DR JEAN-PIERRE MUSENGELA (TRANSLATION):
I agree that the government does not do enough. I know why the government has not given enough money until now. It's not an excuse that's given lightly. It's an everyday reality that all the efforts are focused on the war. Even my salary has not gone up because of the war.

DENSELOW:
In Kinshasa, the continuing war is blamed for everything. The city's population has been swollen by the "displaced" who have fled here to escape the fighting, which has involved some six foreign African armies supporting either the Kinshasa government or the other factions.
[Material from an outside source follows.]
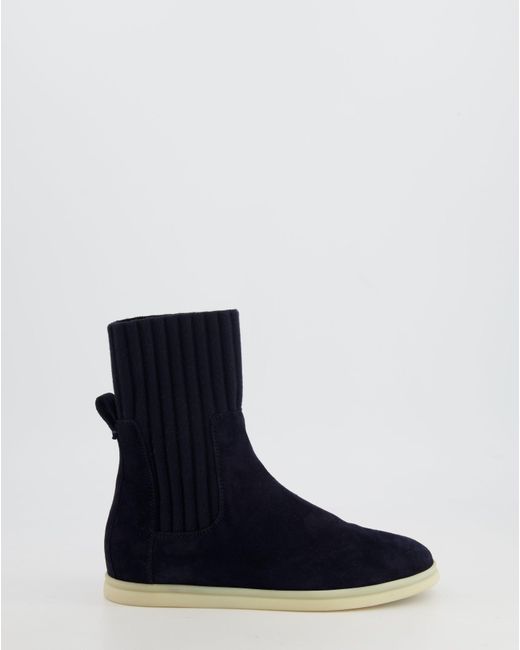 Loro Piana Blue Navy Suede Ankle Boots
Some who have moved to Kinshasa come here to the Ngiri Ngiri quarter, where there's a project for women with HIV/AIDS. Like AMO Congo and Nouvelle Humanity, Fondation Femme Plus work in partnership with the British group Christian Aid. They run a workshop and a successful little restaurant that makes money for women who have often lost their homes after the death of their husbands. Bernadette Mulelebwe, the organisation's director, argues that in the Congo, AIDS is spread by poverty and by the war. Rape has been used as a weapon.
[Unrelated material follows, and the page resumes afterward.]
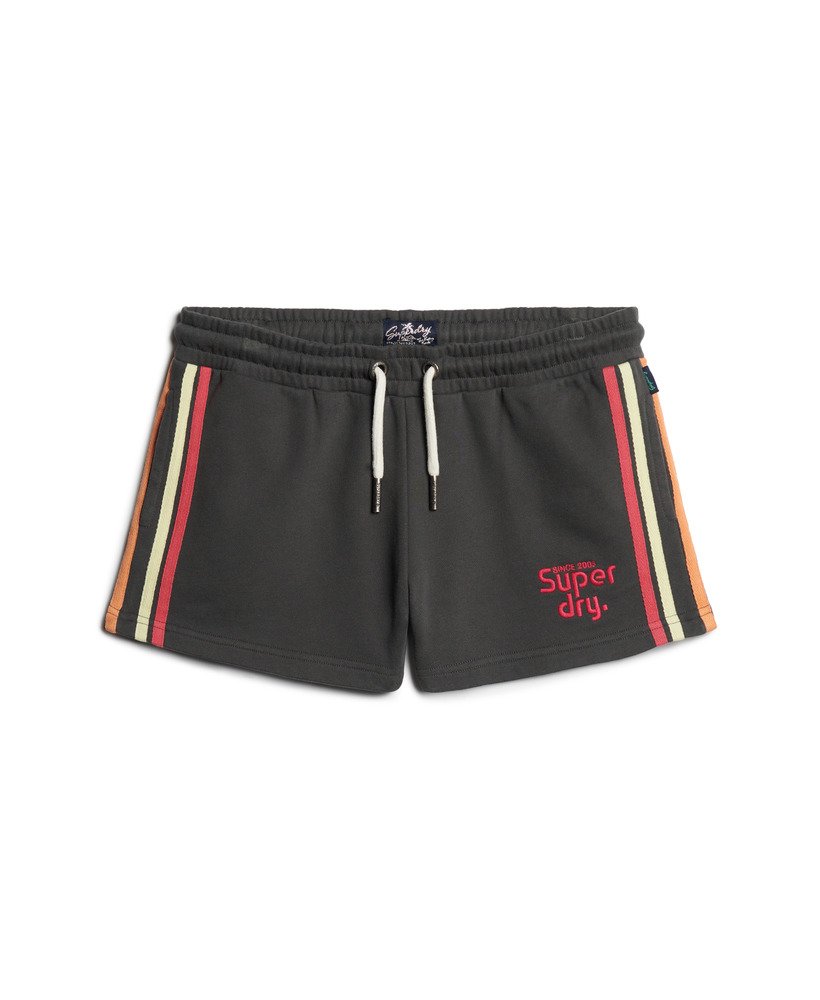 shorts com logo rainbow side stripe em preto lavado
BERNADETTE MULELEBWE (TRANSLATION):
In this war, among the weapons that have been used is the AIDS virus. Most of the armies that have entered the Congo are armies that are infected. We know from reports that thousands of women have been raped, young and old, on purpose so that they can catch the virus.

DENSELOW:
She took me to meet a group of women who had escaped from the fighting in the east. The two youngest girls are both now HIV-positive. Madeleine Mwayuma made a remarkable journey. Her daughter Yvette, who is mute, was captured by Rwandan troops in Kisangani, a thousand miles away up the Congo river. Madeleine managed to find her, and they escaped together by canoe.

MADELINE MWAYUMA (TRANSLATION):
She was there with this Rwandan for four months, and forced to live as his wife, it was four months of suffering. She was beaten by this man right up until I went to get her.

DENSELOW:
And now she is HIV-positive?

MWAYUMA (TRANSLATION):
Yvette is HIV-positive. She has been very ill and since we have been in Kinshasa she suffers. We've been chased from where we were living because she is HIV-positive.

DENSELOW:
Rebecca Suguru also escaped from the east, travelling with her husband. The journey ended in disaster only when she reached Kinshasa.

REBECCA SUGURU:
When I fled from the east I left with my husband. When we got here, he had his family here and they didn't accept me because we are not from the same province. They threw me out of the house. I knew no-one here so I found myself on the street. To survive I was forced to sell myself to men. That's how I became HIV-positive.

DENSELOW:
So she too is a victim of the war and poverty. At Kinshasa's main cemetery, there's a constant sad parade. Several funerals take place at once. Next week, the UN General Assembly's AIDS summit will consider the continuing crisis in Africa. What's needed in the Congo is clear, mass education, help for the street orphans, drugs, particularly to stop mother-to-child transmission, and an end to the war.